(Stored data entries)
* * * * *

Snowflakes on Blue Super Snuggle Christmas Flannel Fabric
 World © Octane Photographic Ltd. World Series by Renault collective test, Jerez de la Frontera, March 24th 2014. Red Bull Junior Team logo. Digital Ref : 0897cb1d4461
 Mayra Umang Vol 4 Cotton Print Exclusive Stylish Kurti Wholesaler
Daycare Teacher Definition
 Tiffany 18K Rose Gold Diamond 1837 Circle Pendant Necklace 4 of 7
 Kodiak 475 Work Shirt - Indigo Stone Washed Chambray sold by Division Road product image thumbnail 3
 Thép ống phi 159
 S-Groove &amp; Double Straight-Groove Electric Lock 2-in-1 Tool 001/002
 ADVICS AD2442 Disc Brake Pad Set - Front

* * * * *

#### [What you are asked to do]
Start with the first line of the data and print every line exactly. The line containing "S-Groove &amp; Double" is the last one to include.

#### [Response to the task]
Snowflakes on Blue Super Snuggle Christmas Flannel Fabric
 World © Octane Photographic Ltd. World Series by Renault collective test, Jerez de la Frontera, March 24th 2014. Red Bull Junior Team logo. Digital Ref : 0897cb1d4461
 Mayra Umang Vol 4 Cotton Print Exclusive Stylish Kurti Wholesaler
Daycare Teacher Definition
 Tiffany 18K Rose Gold Diamond 1837 Circle Pendant Necklace 4 of 7
 Kodiak 475 Work Shirt - Indigo Stone Washed Chambray sold by Division Road product image thumbnail 3
 Thép ống phi 159
 S-Groove &amp; Double Straight-Groove Electric Lock 2-in-1 Tool 001/002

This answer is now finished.